Second, file access needs to originate from a user’s personal work-space, from a desktop workstation or laptop. A consequence of this is that the file server is now the user’s personal system, and we assume this to be unreliable, i.e. disconnects from the server is the norm.
Third, some files should never be copied back to the personal work-space. In our case, we allow the user to specify hints as to which directory any newly generated files are kept local to the client. We call these localized directories.
Fourth, client machines can have plenty of disk capacity. User files residing on personal workstations need to be accessed by TeraGrid “client” sites where over 4 PB of combined disk capacity exists.
Fifth, the interface to the local parallel file system should be exposed to the application at the client, enabling the use of any available advanced file system features.
3.
Detailed Design
3.1. Component architecture
The current implementation of XUFS is provided in a shared object, libxufs.so, and a user-space file server. XUFS uses the library preloading feature in many UNIX variants to load shared objects into a process image. The XUFS shared object implement functions that interpose the libc file system calls, allowing applications to transparently access files and directories across the WAN by redirecting operations to local cached copies.
Figure 1. XUFS component architecture
The component architecture of XUFS is shown in Figure 1. When an application or user first mounts a remote name space in XUFS, a private cache space is created on the client host. At TeraGrid sites, this cache space is expected to be on the parallel file system work partition.
When an opendir() is first invoked on a directory that resides in the remote home name space, the interposed version of the system call contacts a sync manager, downloads the directory entries into the cache space, and redirects all directory operations to this local cache copy. XUFS essentially recreates the entire remote directory in cache space, and stores the directory entry attributes in hidden files alongside the initial empty file entries. Subsequent stat() system calls on entries in this directory return the attributes stored in the hidden file associated with each entry. Only when an open() is first invoked on a file in this directory will the interposed version of the open system call contact the sync manager again to download the file into the cache space.
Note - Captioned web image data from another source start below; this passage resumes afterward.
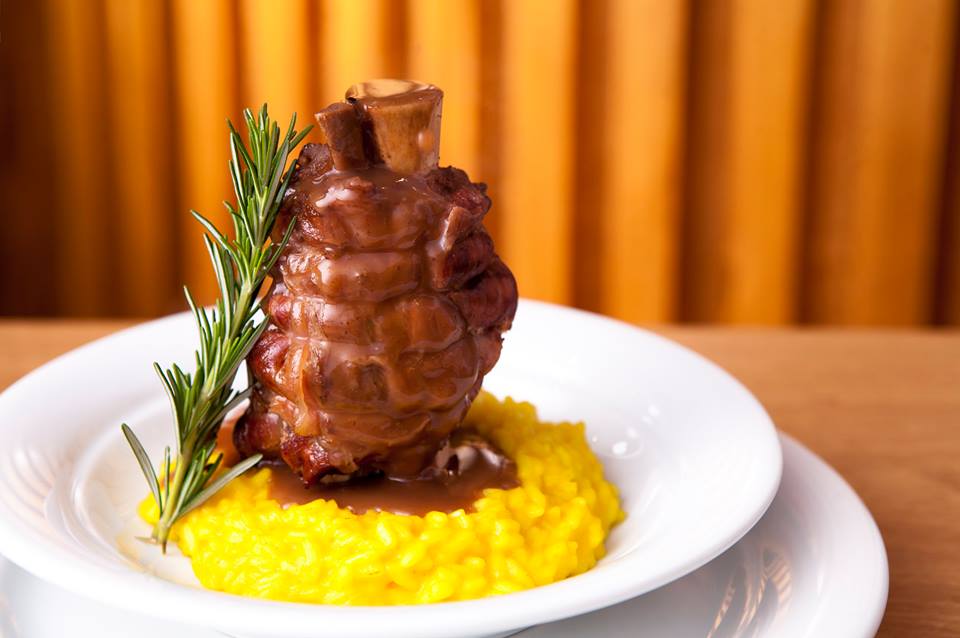 EAT Trattoria - Shopping Morumbi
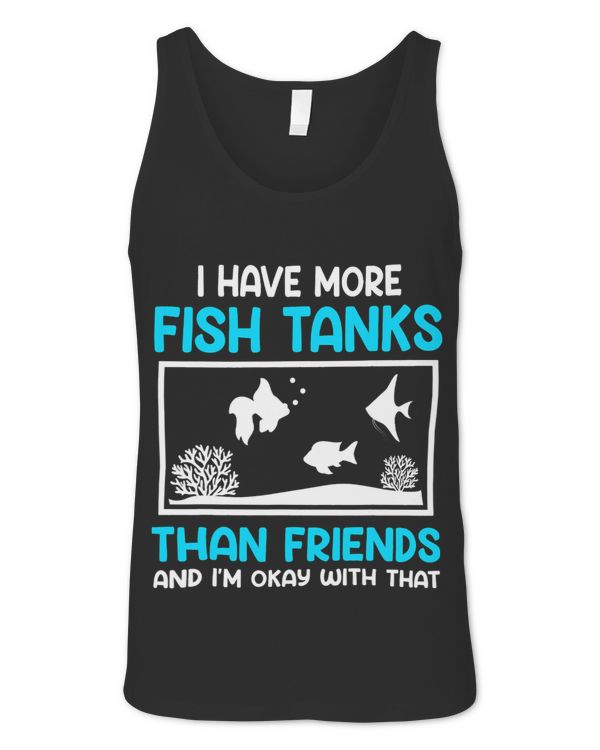 Unisex Jersey Tank
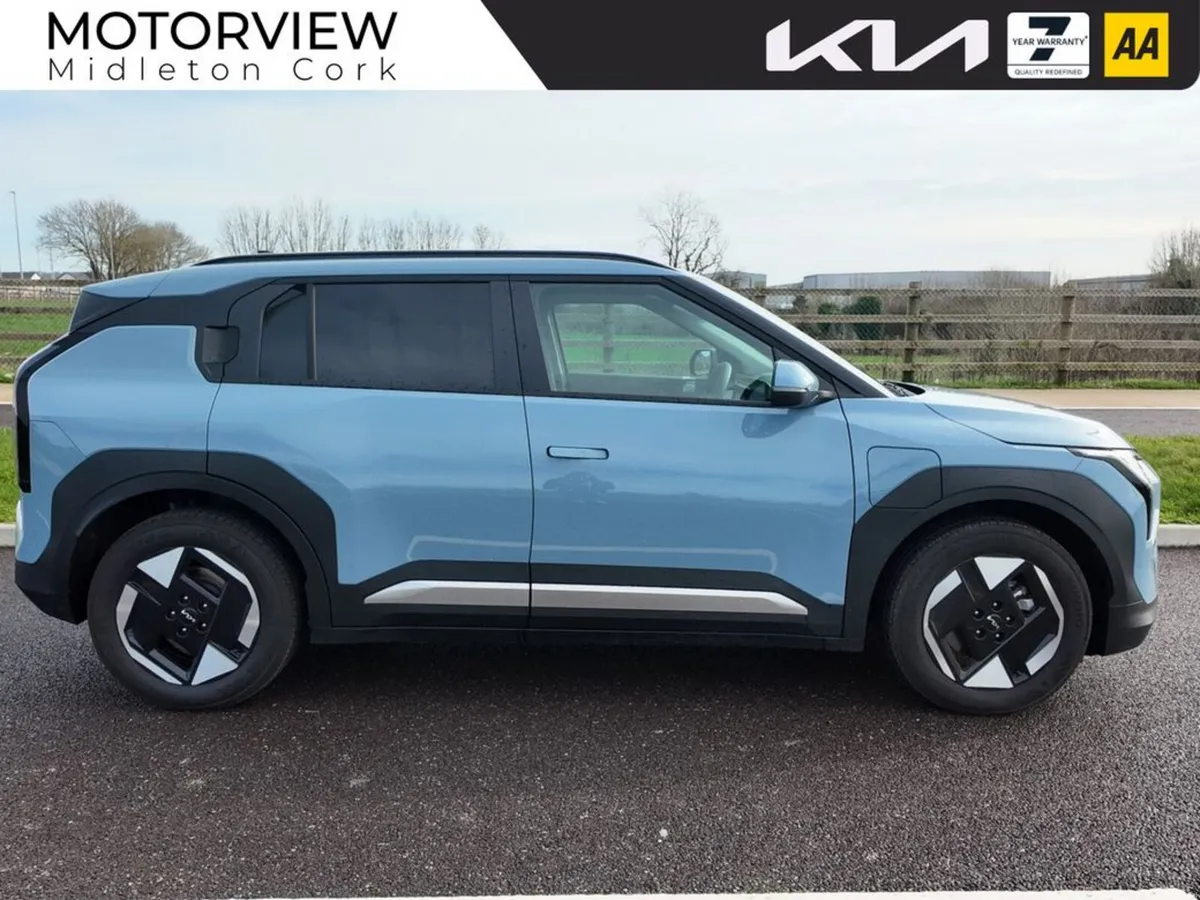Kia EV3 Earth 3 *81kwh battery* **7 year warranty* - Image 3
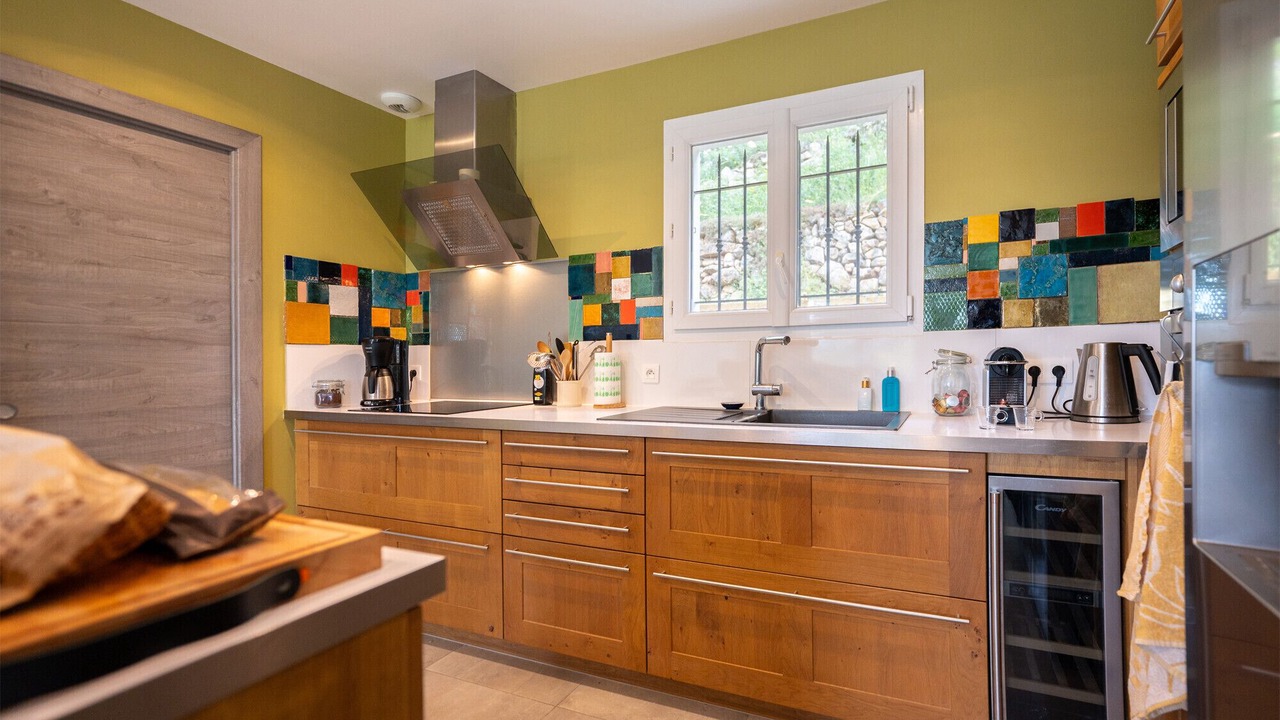 Photo of Kitchen in Tourrettes-sur-Loup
System calls that modify a file (or directory) in a XUFS partition return when the local cache copy is updated, and the operation is appended to a persisted meta-operation queue. No file (or directory) operation blocks on a remote network call. A write() operations is treated differently from other attribute modification operations however, in that the write offsets and contents are stored into an internal shadow file and the shadow file flush is only appended to the meta-operations queue on a close(). Thus only the aggregated change to the content of a file is sent back to the file server on a close. XUFS therefore implements the last-close-wins semantics for files modified in XUFS mounted partitions.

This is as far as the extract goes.